Both the NDP and Green Party have run on a campaign promise to eliminate MSP premiums altogether. Green Party leader Andrew Weaver has stated that his government would roll MSP premiums into the income tax system to eliminate what both parties call a regressive tax on lower-income British Columbians.
NDP leader John Horgan faced criticism from both Clark and Weaver for a lack of clarification over how his party would fund the promise, with some speculating that his party will employ the same strategy as the Greens.
British Columbians are split on the proposal overall. Half say the Liberal plan of a 50 per cent reduction is the best path forward, while half support the full elimination of MSP premiums:
Asked to choose between a renter rebate of $400 per household (in conjunction with a 2% tax on absentee owners) OR the BC Liberals’ offer of loans of up to $37,500 for first time owners, B.C. residents lean toward the renter rebate – the NDP plan. Those in the Lower Mainland are particularly supportive, as are those under 55.
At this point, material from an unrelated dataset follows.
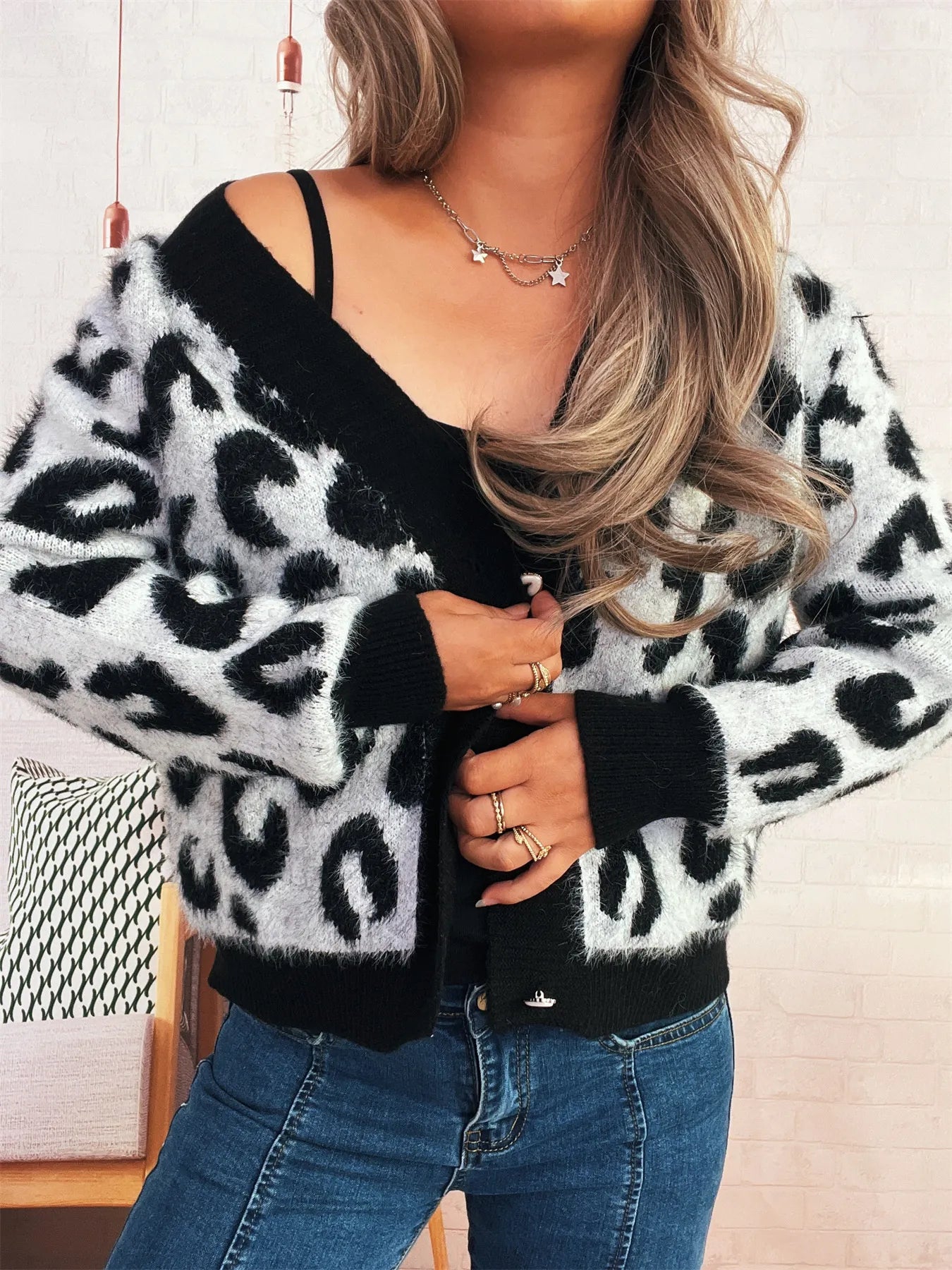 Leopard Fuzzy Button Up Cardigan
The TransMountain pipeline expansion was one of the defining issues of the 2013 election, and will again factor into this year’s vote. While the project has been approved by both the federal and provincial governments, John Horgan has stated that the project is not in BC’s best interests. Andrew Weaver also opposes it. A slight majority in the Lower Mainland oppose the project, while the inverse is true in the Interior and in the suburbs surrounding Metro Vancouver:
Andrew Weaver may call it “bad public policy”, but both the NDP and Liberal platforms contain promises to reduce the bridge tolls on the Port Mann and Golden Ears bridges. Four-in-ten (41%) British Columbians support the elimination of tolls on both bridges, while one-in-three say a cap of $500 per year should be instituted. Just under three-in-ten (27%) say that the current system should stay in place.
Differences in British Columbians’ economic realities and views on platform and policy issues strongly relate not only to vote intention – but to the intensity of that intention. Within each party’s support bases, this survey finds blocs of hardcore backers committed to their choice, and blocs of “soft” supporters, who say they could yet change their minds in this election.
More than half of Liberal supporters (58%) can be described as “solid.” These are people who have either already voted at an advance poll, or say they are “absolutely certain” of who they will vote for on May 9.
Overall, solid Liberals are feeling pretty good about life in British Columbia today. They’re more likely to say their own financial situation and the province’s have improved, rather than worsened, in the last year, and they see quality of life improving in their community as well. Nearly all of them say they’re either better off (44%) or the same (53%) now as they were four years ago.
Soft Liberals (42% of Liberal base) are those who say the Liberals are their first choice, but aren’t quite willing to lock in their vote yet. They are more than twice as likely to hold an unfavourable view of the Premier but four-in-five still say the BC Liberals are the most qualified party to govern.
The New Democrats’ solid supporters – those who have already cast a ballot for the party or are certain they will, make up 57 per cent of the NDP foundation. This group tends to be older than its softer counterparts.
Only four-in-ten solid (40%) and soft (40%) NDP voters say that if you work hard in BC you will be successful – suggesting they believe that upward mobility is not available to all in the province. Comparatively, more than eight-in-ten solid Liberals (85%) agreed with that statement.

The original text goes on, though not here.